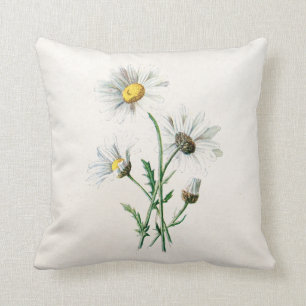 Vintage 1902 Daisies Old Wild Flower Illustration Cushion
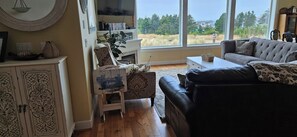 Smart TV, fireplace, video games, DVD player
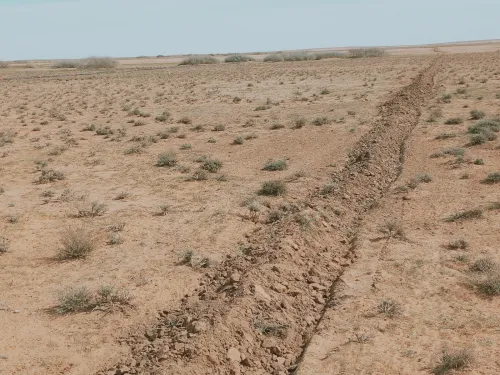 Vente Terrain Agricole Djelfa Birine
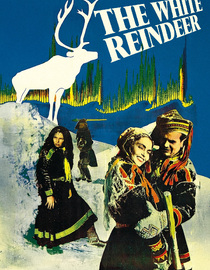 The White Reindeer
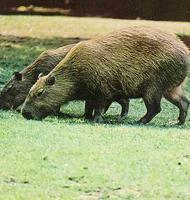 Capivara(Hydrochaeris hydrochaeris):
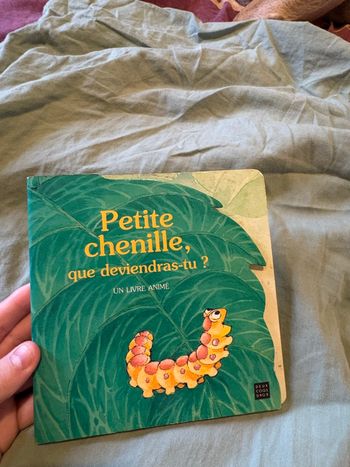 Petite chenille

§

What the exercise asks → Exactly as written, return every line of the listing, but not the pictures.

Task response →
 Vintage 1902 Daisies Old Wild Flower Illustration Cushion
 Smart TV, fireplace, video games, DVD player
 Vente Terrain Agricole Djelfa Birine
 The White Reindeer
 Capivara(Hydrochaeris hydrochaeris):
 Petite chenille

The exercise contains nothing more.